RECORDED DATA
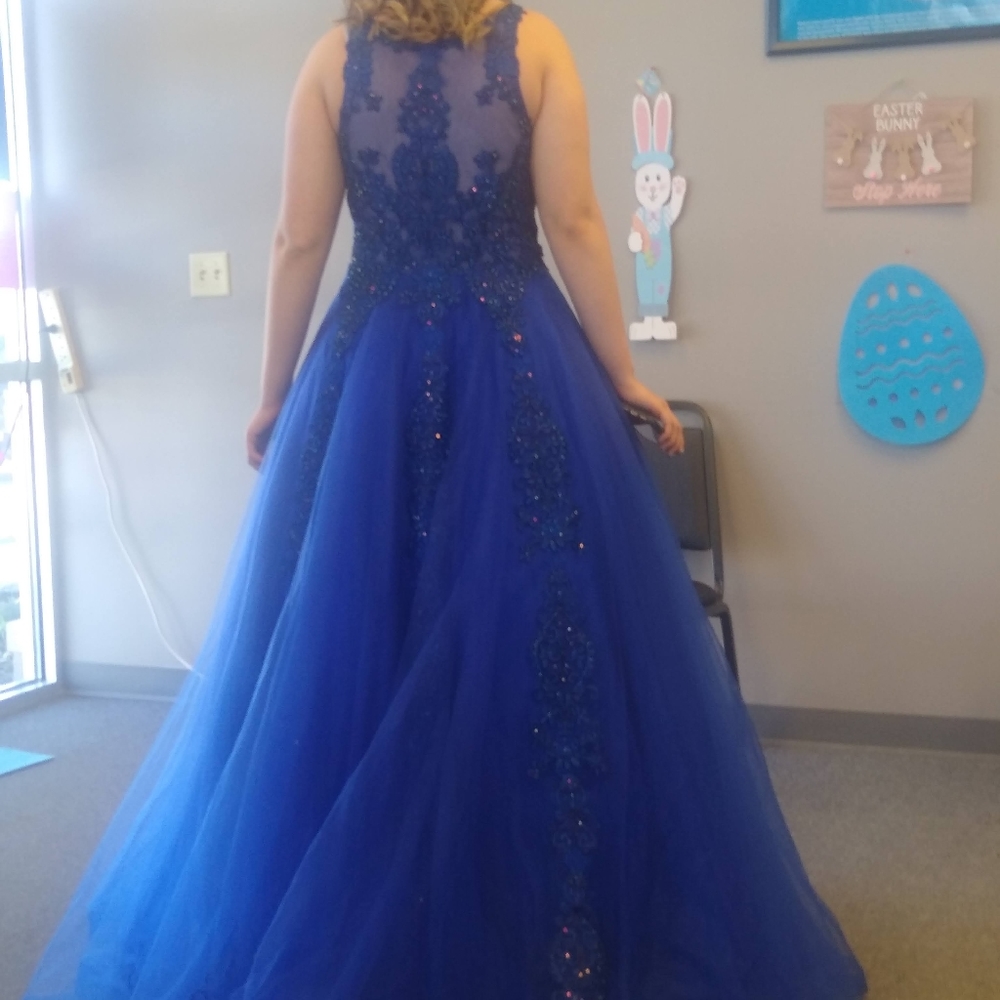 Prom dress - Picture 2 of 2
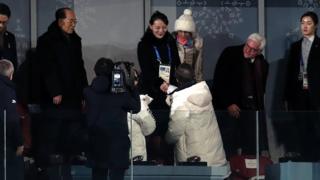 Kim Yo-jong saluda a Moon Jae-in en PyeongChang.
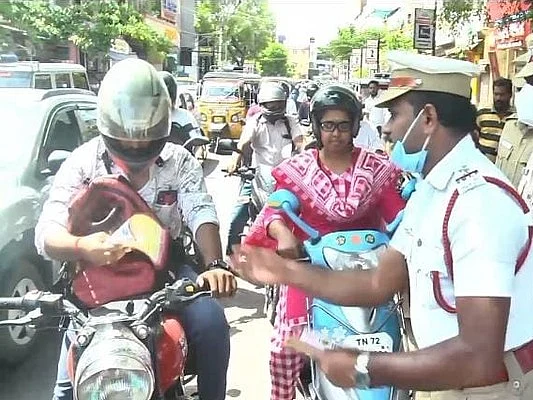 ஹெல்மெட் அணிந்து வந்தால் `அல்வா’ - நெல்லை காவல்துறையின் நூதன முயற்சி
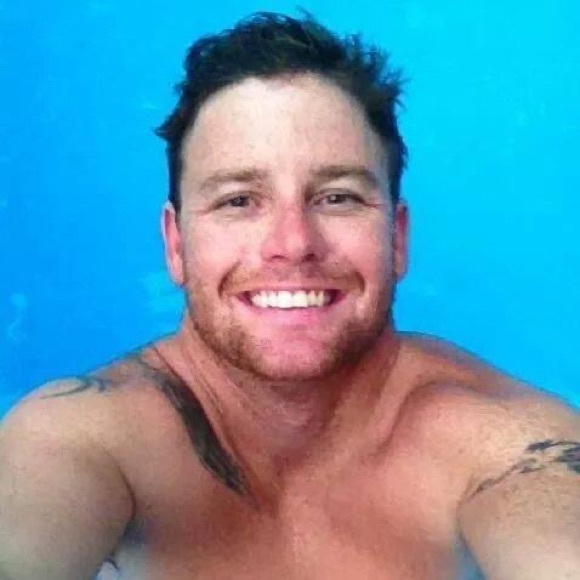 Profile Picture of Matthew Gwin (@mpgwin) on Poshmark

EXERCISE
None of the pictures should appear, though every line of the data above must be reproduced exactly.

TASK OUTPUT
 Prom dress - Picture 2 of 2
 Kim Yo-jong saluda a Moon Jae-in en PyeongChang.
 ஹெல்மெட் அணிந்து வந்தால் `அல்வா’ - நெல்லை காவல்துறையின் நூதன முயற்சி
 Profile Picture of Matthew Gwin (@mpgwin) on Poshmark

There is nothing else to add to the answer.